Advances in Gene Therapy, Novel Nanopore Technology

This week In The News, we’re putting the spotlight on best practices for delivering adeno-associated virus gene therapy to children and new preclinical evidence for a gene therapy approach for an ultra-rare disease. Scientists develop a novel nanopore platform for more precise and comprehensive long-read sequencing, gain insights about facemasks in American football, and identify a marrow preconditioning strategy that could lead to improved bone marrow transplantation.

CIGT Symposium Spotlights AAV Gene Therapy Breakthroughs and Possibilities

Lindsey George, MD,  Director, Clinical In Vivo Gene Therapy Center
Lindsey George, MD, Director, Clinical In Vivo Gene Therapy Center

CHOP’s Clinical In Vivo Gene Therapy Educational Symposium held Friday, Sept. 20, brought together scientists and clinicians from across medical specialties to highlight evidence-based research and offer best practices for delivering adeno-associated virus (AAV) gene therapy to children.

In vivo gene therapy involves directly infusing a new, corrected gene into a child’s body, to stop disease or make it less severe. Led by experts with extensive experience in gene therapy clinical trials, the Clinical In Vivo Gene Therapy (CIGT) group at CHOP seeks to make transformative discoveries and offer breakthrough therapies for patients with genetic disorders.

“There is nothing better than gene therapy when it works. The challenge is trying to make sure it works for everybody,” said Benjamin J. Samelson-Jones, MD, PhD, a pediatric hematologist at CHOP who played a key role in advancing one of the first in vivo gene therapies to treat hemophilia B.

At the symposium, CHOP experts offered fundamental knowledge about scientific foundations and approaches, AAV commercial products, potential AAV toxicities, and in vivo gene therapy in practice. Speakers highlighted CHOP’s research contributions to major AAV gene therapy breakthroughs, including, among others:

“Today, it was very rewarding for me to see the whole path — starting from the level of understanding AAV, all the way through to implementation,” said CIGT Director Lindsey George, MD. “It’s been a lot of fun for us along the way, and it’s been great to be able to share our knowledge with you.”

CHOP Researchers Share First Evidence of Gene Therapy to Treat MSD

Rebecca C. Ahrens-Nicklas, MD, PhD
Rebecca Ahrens-Nicklas, MD, PhD

Results from preclinical testing conducted at CHOP of an experimental gene therapy provide a path for translation into clinical trials for multiple sulfatase deficiency (MSD), a multisystemic disorder with no currently approved treatment.

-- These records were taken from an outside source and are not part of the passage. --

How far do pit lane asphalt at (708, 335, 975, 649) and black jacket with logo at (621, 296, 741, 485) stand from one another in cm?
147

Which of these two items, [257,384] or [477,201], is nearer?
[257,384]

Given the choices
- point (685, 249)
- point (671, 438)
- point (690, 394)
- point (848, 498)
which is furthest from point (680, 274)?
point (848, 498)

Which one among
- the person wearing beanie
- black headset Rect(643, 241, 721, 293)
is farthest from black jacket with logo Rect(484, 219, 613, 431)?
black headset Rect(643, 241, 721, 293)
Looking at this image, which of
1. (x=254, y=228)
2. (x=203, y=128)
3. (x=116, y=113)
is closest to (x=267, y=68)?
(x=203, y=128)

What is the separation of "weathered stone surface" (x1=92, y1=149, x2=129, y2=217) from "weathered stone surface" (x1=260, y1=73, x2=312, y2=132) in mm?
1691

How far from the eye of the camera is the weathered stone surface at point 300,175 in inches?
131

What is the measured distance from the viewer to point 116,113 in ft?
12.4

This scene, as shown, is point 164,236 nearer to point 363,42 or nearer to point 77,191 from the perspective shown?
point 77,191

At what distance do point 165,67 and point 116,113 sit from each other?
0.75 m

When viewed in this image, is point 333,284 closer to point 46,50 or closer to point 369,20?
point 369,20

The findings were published in Molecular Therapy.

“This is a really important first step in the design and provides proof of concept that an ex vivo gene therapy could help patients with MSD,” said senior study author Rebecca Ahrens-Nicklas, MD, PhD, an attending physician with the Metabolic Disease Program and the Division of Human Genetics at CHOP. 

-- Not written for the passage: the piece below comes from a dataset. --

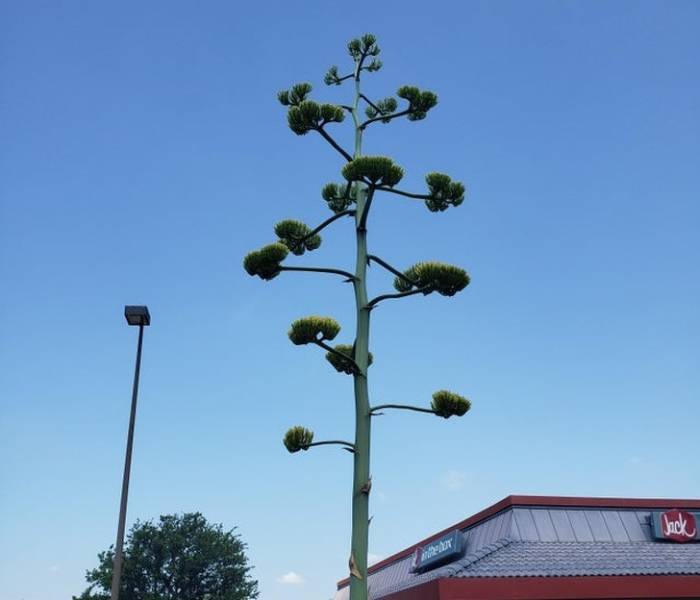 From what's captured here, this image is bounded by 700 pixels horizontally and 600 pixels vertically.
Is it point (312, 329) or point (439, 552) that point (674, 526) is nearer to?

Over time, researchers have identified MSD-associated biomarkers that have the potential for targeted gene therapy. One approach is to transduce a patient's bone marrow cells with a lentiviral vector to introduce a working copy of the MSD-causing gene. The corrected cells are then administered back to the patient via stem cell transplant, an approach that has proven successful in related disorders.

Researchers worked with a preclinical model of MSD and patient-derived stem cells and found that in patient-derived stem cells, the vector improved protein expression, sulfatase activities, and glycosaminoglycan accumulation, which is important for key cell functions.

In the preclinical model, the gene therapy approach rescued biochemical deficits including sulfatase activity and glycosaminoglycan accumulation that can lead to improper cell function, in MSD-affected organs post-symptom onset. The model also demonstrated improved neuroinflammation and neurocognitive function.

Learn more in this CHOP news release.

Novel Nanopore Platform Offers More Efficient and Precise Molecule Detection

Dimitrios S. Monos
Dimitri S. Monos, PhD

Researchers at CHOP and the University of Pennsylvania created a novel platform called GURU that advances nanopore technology and enables more precise and comprehensive long-read sequencing.Nanopore sequencing analyzes biological molecules such as DNA by measuring ion current changes as they pass through an infinitesimal opening, or nanopore, in a membrane.

Dimitri S. Monos, PhD, Director of the Immunogenetics Laboratory at CHOP, and collaborator Marija Drndic, PhD, the Fay R. and Eugene L. Langberg Professor of Physics at Penn, led a team to develop the GURU platform, which allows researchers to modulate and slow the passage of molecules through a dual-layer sequencing membrane.

This first-of-its-kind guiding and reusable system for studying molecules improves upon current nanopore systems, especially for applications like human leukocytic antigen (HLA) genes that require long DNA reads, according to Dr. Monos, who is also the Evelyn Willing Bromley Endowed Chair in Clinical Laboratories and Pathology at the Penn Perelman School of Medicine.

Their findings were published in Nature Nanotechnology. Read more in Penn Today.

New Findings Identify Facemask as Main Source of High-severity Impacts in Professional American Football

Kristy B. Arbogast
Kristy Arbogast, PhD

CHOP researchers presented findings that nearly one-third of concussions in American football are the result of impacts to the facemask, the design of which has remained mostly the same for a decade.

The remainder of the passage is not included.